■ WHAT THIS TASK INVOLVES ■
Each line from the beginning of the data below through the line containing "Full Size Wood" should be repeated exactly, please.

■ RECORDS FOR THE EXERCISE ■
+--

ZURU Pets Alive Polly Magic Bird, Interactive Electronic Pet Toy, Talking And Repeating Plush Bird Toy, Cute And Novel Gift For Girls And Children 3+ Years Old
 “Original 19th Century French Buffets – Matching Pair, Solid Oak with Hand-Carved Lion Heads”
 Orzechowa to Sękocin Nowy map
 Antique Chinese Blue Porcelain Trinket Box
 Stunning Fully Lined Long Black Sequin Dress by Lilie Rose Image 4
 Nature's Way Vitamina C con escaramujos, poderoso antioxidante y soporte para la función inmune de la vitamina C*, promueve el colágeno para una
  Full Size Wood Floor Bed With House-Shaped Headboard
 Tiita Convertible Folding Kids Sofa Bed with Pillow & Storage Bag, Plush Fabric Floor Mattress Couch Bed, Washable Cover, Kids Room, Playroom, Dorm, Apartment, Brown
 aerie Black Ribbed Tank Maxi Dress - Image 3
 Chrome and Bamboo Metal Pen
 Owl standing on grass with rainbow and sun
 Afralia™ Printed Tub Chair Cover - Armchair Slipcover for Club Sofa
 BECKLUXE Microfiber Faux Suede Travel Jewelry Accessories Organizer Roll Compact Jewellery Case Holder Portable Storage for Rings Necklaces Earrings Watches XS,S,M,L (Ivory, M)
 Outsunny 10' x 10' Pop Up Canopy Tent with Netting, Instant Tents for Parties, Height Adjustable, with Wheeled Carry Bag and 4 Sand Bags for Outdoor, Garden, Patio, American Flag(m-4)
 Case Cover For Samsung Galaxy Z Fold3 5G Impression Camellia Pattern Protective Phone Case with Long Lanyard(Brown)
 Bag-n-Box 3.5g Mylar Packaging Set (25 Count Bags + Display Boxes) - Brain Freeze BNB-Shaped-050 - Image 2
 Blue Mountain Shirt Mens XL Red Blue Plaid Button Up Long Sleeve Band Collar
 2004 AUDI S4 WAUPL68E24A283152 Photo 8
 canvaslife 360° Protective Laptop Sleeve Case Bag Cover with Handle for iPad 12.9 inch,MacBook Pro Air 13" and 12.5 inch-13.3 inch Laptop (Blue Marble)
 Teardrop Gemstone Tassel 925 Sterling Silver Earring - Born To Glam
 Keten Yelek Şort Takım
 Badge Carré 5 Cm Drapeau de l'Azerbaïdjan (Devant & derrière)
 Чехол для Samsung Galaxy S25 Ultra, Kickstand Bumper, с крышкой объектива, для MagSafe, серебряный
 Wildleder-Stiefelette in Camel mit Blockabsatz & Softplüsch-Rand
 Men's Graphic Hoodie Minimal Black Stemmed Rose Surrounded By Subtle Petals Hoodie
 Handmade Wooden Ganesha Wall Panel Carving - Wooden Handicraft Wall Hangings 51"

+--

■ SOLUTION ■
ZURU Pets Alive Polly Magic Bird, Interactive Electronic Pet Toy, Talking And Repeating Plush Bird Toy, Cute And Novel Gift For Girls And Children 3+ Years Old
 “Original 19th Century French Buffets – Matching Pair, Solid Oak with Hand-Carved Lion Heads”
 Orzechowa to Sękocin Nowy map
 Antique Chinese Blue Porcelain Trinket Box
 Stunning Fully Lined Long Black Sequin Dress by Lilie Rose Image 4
 Nature's Way Vitamina C con escaramujos, poderoso antioxidante y soporte para la función inmune de la vitamina C*, promueve el colágeno para una
  Full Size Wood Floor Bed With House-Shaped Headboard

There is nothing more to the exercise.